This article states that the formula for the average run lengths for large numbers of trials is:$\frac{1}{1-Pr(event\ in\ one\ trial)}.$
My questions
- What is the intuition behind this formula?
- Do you know an elementary proof for this result?
This article states that the formula for the average run lengths for large numbers of trials is:$\frac{1}{1-Pr(event\ in\ one\ trial)}.$
My questions
This is one of the workhorses of first courses in probability. Assume one repeats an experiment whose probability to happen in one trial is $p$, that the results of the successive trials are independent, and that one wishes to estimate the mean number $R$ of consecutive successes before the next failure (that is, a run of successes) once a success occurred.

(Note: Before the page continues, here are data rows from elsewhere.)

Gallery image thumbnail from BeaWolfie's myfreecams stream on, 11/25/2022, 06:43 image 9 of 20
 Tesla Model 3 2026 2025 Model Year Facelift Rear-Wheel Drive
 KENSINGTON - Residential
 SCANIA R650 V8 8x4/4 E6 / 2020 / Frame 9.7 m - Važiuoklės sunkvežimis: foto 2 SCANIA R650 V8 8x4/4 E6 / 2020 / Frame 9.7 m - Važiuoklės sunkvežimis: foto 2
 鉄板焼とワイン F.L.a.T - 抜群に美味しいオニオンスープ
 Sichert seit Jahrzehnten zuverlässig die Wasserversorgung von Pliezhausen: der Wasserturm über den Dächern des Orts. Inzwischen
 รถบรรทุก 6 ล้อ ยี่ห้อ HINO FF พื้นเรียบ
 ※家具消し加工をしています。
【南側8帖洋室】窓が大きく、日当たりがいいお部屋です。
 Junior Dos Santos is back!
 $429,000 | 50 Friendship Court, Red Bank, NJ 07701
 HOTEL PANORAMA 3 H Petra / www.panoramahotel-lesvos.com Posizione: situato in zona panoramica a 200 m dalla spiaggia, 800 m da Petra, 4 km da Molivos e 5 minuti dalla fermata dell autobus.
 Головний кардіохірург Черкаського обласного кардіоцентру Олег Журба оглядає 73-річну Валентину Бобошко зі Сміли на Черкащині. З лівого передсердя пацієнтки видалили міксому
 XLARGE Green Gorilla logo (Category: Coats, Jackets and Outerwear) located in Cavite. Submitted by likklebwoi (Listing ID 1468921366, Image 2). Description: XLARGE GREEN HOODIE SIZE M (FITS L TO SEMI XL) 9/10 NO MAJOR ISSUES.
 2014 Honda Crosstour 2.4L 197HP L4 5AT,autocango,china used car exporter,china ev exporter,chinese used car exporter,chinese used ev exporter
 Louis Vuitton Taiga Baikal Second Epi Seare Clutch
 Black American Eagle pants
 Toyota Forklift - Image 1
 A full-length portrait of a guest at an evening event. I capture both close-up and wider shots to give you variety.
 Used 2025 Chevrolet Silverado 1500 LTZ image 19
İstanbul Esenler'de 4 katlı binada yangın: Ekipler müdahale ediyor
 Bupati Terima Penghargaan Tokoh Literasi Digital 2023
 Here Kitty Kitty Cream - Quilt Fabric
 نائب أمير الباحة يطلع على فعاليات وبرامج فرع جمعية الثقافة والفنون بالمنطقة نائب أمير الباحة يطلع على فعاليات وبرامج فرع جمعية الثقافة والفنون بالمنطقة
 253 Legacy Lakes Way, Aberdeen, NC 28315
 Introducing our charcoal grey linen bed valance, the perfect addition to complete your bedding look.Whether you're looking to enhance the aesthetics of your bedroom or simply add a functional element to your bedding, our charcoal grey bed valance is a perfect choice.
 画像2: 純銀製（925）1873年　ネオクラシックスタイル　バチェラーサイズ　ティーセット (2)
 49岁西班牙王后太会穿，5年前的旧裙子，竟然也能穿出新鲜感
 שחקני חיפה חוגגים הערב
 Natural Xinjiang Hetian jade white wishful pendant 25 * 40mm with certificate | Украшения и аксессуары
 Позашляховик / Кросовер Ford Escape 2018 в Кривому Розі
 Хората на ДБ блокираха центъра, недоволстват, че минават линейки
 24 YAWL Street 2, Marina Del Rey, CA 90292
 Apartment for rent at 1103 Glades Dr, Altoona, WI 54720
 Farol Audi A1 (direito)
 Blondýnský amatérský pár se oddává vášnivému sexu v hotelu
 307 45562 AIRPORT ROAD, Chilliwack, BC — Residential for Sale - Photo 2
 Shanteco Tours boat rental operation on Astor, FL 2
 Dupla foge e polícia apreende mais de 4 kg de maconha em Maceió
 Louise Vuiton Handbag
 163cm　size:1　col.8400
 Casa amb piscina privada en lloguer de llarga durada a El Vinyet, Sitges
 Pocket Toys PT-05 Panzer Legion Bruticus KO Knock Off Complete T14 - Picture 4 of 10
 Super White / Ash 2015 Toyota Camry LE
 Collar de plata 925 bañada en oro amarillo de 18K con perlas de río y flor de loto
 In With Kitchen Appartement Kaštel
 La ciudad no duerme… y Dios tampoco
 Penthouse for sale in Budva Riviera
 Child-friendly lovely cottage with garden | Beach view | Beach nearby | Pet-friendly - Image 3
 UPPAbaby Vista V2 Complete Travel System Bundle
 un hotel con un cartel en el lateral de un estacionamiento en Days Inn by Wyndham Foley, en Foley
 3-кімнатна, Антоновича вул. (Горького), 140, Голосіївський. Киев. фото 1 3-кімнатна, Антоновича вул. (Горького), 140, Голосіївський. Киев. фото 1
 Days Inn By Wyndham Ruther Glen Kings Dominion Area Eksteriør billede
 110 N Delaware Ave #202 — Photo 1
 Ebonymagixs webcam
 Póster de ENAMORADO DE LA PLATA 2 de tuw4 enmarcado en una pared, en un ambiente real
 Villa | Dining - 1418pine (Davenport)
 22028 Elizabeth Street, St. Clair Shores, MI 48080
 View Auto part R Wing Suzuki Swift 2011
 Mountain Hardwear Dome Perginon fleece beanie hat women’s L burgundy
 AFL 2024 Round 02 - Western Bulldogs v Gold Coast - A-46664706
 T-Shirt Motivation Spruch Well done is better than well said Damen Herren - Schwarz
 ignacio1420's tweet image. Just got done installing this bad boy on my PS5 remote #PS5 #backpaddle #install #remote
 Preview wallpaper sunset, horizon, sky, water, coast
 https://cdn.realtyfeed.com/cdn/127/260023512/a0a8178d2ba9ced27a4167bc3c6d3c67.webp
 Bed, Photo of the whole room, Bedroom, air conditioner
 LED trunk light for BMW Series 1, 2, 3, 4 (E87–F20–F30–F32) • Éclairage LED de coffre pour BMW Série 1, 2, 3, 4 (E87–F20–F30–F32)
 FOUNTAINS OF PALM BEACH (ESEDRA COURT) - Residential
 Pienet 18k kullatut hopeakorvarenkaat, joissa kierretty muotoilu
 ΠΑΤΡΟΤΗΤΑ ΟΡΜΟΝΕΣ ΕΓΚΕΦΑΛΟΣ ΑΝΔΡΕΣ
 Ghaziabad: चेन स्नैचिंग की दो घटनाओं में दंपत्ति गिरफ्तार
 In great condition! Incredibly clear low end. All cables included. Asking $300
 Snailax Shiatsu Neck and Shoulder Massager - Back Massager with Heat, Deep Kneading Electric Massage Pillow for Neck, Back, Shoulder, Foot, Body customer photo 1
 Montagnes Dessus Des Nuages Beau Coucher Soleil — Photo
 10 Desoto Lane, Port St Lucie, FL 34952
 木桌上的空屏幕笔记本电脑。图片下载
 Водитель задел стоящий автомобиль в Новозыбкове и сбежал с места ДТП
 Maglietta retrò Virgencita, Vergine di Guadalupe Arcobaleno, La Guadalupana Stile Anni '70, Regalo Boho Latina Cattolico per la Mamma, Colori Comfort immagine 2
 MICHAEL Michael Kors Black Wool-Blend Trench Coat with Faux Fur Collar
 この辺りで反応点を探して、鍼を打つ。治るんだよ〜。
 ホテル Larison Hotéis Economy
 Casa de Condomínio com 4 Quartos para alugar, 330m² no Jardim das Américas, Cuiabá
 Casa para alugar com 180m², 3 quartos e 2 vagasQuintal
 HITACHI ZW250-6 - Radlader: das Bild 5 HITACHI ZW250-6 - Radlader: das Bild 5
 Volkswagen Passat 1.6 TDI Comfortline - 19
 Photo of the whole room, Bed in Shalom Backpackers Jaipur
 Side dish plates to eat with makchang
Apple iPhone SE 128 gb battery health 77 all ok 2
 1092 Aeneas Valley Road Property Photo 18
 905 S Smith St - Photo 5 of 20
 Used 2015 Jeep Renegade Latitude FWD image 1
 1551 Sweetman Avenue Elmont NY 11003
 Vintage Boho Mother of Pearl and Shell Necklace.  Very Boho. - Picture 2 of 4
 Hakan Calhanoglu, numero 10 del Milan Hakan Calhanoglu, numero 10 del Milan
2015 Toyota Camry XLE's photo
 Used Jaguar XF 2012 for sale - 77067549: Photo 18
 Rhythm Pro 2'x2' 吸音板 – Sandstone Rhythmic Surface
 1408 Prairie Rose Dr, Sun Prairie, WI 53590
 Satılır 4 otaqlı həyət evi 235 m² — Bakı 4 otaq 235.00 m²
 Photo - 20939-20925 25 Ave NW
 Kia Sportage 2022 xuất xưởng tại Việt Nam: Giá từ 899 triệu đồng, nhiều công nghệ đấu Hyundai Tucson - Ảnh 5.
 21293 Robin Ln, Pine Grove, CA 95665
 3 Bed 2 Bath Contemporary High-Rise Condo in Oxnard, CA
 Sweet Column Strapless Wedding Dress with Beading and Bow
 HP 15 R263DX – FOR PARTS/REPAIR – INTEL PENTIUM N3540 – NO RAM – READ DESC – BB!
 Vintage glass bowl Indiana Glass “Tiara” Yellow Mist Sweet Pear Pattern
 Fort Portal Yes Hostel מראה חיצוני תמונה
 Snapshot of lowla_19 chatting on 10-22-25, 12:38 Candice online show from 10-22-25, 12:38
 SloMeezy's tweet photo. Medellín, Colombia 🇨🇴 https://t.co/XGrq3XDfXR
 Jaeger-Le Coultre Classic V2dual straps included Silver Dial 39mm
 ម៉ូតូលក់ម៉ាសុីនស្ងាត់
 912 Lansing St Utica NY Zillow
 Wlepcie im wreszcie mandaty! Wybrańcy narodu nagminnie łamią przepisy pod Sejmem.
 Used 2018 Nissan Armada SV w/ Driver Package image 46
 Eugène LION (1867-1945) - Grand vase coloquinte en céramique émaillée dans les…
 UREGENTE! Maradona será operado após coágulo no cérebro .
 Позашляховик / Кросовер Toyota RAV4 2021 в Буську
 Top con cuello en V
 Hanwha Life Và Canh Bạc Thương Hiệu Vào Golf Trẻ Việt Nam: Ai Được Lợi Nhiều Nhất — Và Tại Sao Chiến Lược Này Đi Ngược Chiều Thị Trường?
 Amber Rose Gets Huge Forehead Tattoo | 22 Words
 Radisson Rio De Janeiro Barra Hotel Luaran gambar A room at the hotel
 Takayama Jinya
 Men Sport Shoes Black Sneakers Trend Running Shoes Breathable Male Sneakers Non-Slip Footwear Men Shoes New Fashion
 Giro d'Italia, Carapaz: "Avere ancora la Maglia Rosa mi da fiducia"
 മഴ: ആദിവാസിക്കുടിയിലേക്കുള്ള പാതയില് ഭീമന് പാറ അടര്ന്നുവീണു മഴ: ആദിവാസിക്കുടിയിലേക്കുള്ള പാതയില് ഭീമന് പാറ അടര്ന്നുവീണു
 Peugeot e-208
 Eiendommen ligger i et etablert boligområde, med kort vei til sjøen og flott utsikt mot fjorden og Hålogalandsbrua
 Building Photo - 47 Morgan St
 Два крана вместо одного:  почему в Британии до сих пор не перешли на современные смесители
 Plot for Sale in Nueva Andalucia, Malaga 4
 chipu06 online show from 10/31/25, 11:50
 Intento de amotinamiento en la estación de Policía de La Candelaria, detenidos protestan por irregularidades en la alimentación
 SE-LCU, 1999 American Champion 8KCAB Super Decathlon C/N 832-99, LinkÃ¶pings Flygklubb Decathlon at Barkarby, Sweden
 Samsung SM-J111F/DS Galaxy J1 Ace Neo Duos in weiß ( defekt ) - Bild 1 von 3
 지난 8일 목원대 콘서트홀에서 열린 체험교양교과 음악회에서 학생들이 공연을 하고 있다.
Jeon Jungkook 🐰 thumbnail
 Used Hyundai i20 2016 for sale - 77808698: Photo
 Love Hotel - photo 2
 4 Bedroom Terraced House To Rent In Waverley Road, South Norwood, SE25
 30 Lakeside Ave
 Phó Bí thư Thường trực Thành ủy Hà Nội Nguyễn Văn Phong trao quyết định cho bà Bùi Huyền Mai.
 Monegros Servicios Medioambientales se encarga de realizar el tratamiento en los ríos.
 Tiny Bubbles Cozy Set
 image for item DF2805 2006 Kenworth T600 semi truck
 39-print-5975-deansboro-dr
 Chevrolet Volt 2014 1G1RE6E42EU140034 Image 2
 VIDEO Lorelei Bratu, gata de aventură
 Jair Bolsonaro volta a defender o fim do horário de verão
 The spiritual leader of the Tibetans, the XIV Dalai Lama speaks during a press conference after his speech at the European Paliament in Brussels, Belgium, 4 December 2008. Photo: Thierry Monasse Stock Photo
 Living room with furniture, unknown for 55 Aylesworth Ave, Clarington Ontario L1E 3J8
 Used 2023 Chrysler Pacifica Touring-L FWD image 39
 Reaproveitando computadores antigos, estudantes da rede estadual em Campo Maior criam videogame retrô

For every $r\geqslant1$, the event $[R\geqslant r]$ corresponds to $r-1$ supplementary successes after the first one, hence $\mathrm P(R\geqslant r)=p^{r-1}$. Thus the distribution of $R$ is geometric with parameter $p$ and the mean length of a run is the expectation of $R$, that is, $ \langle R\rangle=\sum_{r\geqslant1}r\cdot\mathrm P(R=r)=\sum_{r\geqslant1}\mathrm P(R\geqslant r)=\sum_{s\geqslant0}p^s=\frac1{1-p}. $ Edit Alternatively, note that either a failure occurs immediately after the first success and then $R=1$, which happens with probability $1-p$, or a second success occurs immediately after the first success and then $R=1+R'$ where $R'$ is distributed like $R$, which happens with probability $p$. Taking expectations, one sees that $\langle R\rangle=(1-p)\cdot1+p\cdot(1+\langle R\rangle)$, that is, $\langle R\rangle=1/(1-p)$.
The run is ended by a failure, and the probability of failure is $1-p$, where $p$ is the probability of success. Since the density of failures in the sequence of results is $1-p$, the average length of a run ending in a failure must be the reciprocal of that. The failure itself isn't part of the run, so you might think you'd have to subtract $1$ from this result; however, if you're calculating the average length of a run, the fact that you're only looking at runs already guarantees that there's at least one success, and this success that you get "for free" offsets the failure to be subtracted.